Output the data in full. Keep every word exact and exclude the pictures.

(Extracted entries)

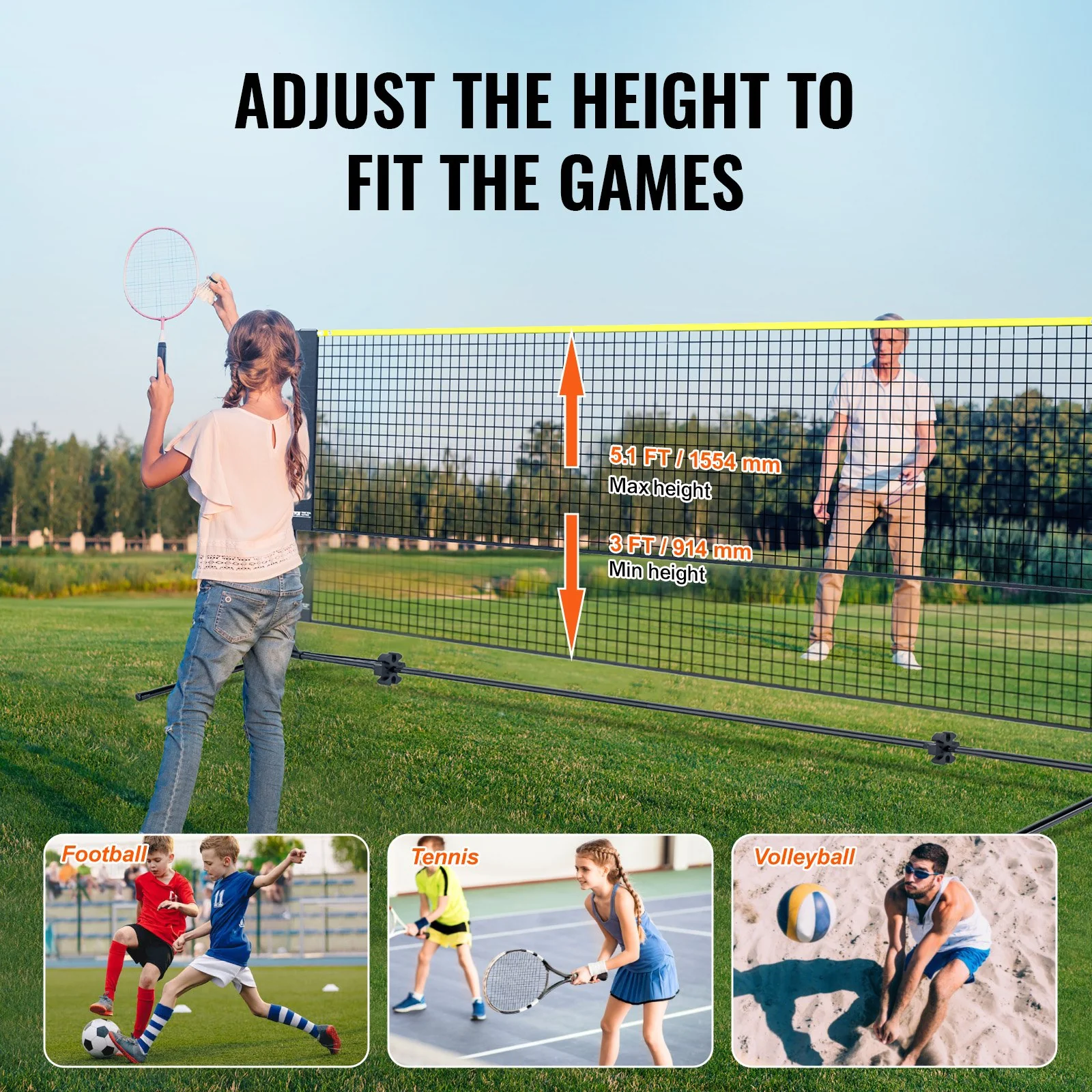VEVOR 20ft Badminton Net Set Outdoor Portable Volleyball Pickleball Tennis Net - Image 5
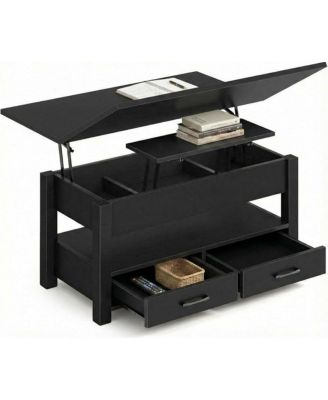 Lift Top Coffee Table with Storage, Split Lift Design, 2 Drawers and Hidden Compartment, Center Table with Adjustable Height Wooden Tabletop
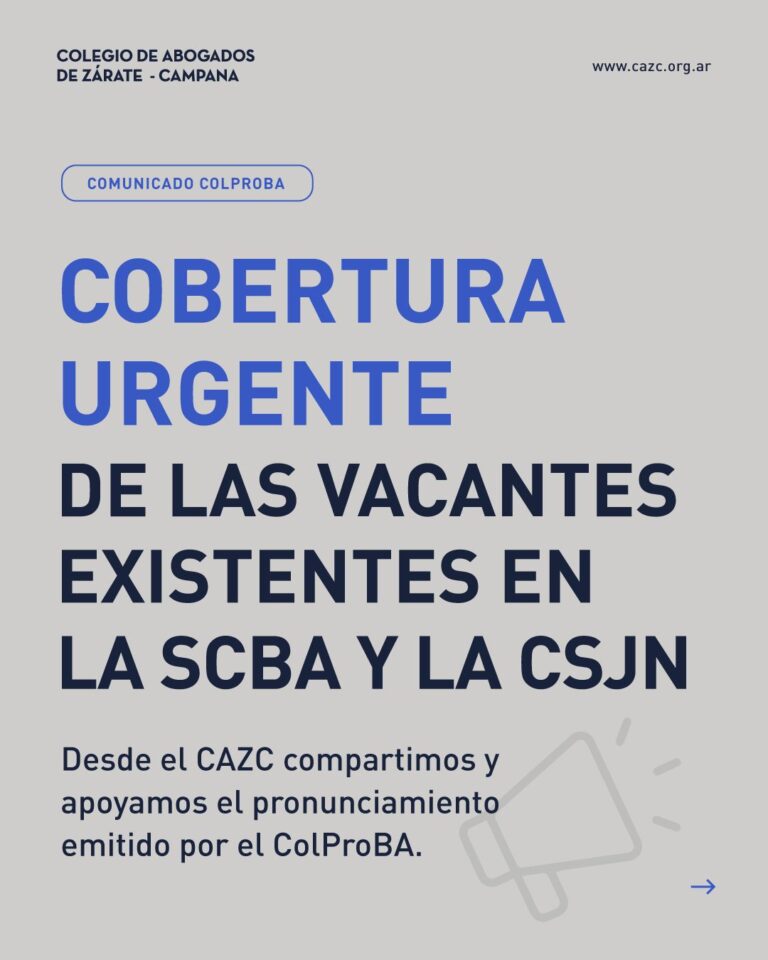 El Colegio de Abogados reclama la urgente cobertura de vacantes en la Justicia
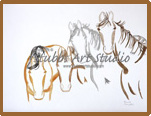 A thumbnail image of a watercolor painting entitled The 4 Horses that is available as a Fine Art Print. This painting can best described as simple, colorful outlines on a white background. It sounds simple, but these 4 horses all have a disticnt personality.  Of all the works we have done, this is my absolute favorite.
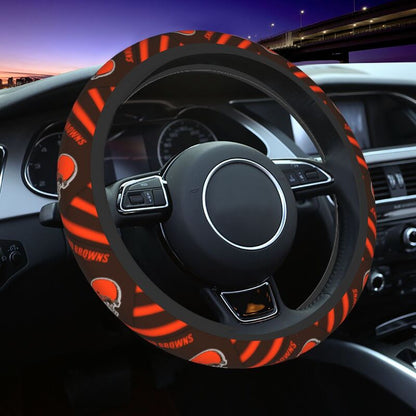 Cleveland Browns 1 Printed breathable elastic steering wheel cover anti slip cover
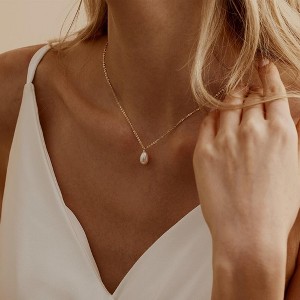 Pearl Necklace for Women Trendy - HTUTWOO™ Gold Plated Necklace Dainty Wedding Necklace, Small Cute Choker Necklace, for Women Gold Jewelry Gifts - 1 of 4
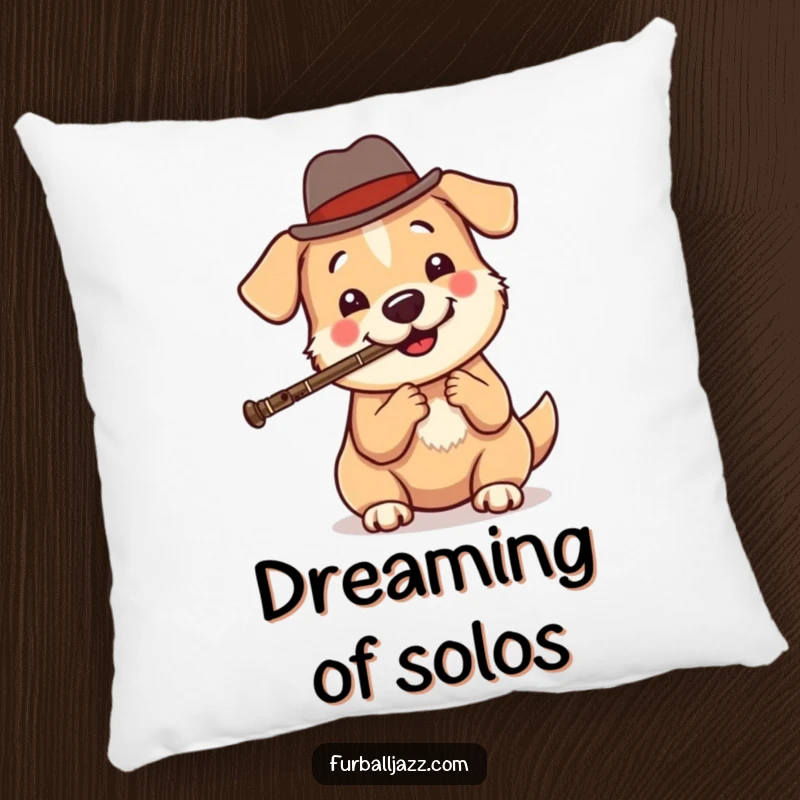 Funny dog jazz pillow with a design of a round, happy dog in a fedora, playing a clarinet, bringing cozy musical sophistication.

(End Extracted entries)

● Task response
VEVOR 20ft Badminton Net Set Outdoor Portable Volleyball Pickleball Tennis Net - Image 5
 Lift Top Coffee Table with Storage, Split Lift Design, 2 Drawers and Hidden Compartment, Center Table with Adjustable Height Wooden Tabletop
 El Colegio de Abogados reclama la urgente cobertura de vacantes en la Justicia
 A thumbnail image of a watercolor painting entitled The 4 Horses that is available as a Fine Art Print. This painting can best described as simple, colorful outlines on a white background. It sounds simple, but these 4 horses all have a disticnt personality.  Of all the works we have done, this is my absolute favorite.
 Cleveland Browns 1 Printed breathable elastic steering wheel cover anti slip cover
 Pearl Necklace for Women Trendy - HTUTWOO™ Gold Plated Necklace Dainty Wedding Necklace, Small Cute Choker Necklace, for Women Gold Jewelry Gifts - 1 of 4
 Funny dog jazz pillow with a design of a round, happy dog in a fedora, playing a clarinet, bringing cozy musical sophistication.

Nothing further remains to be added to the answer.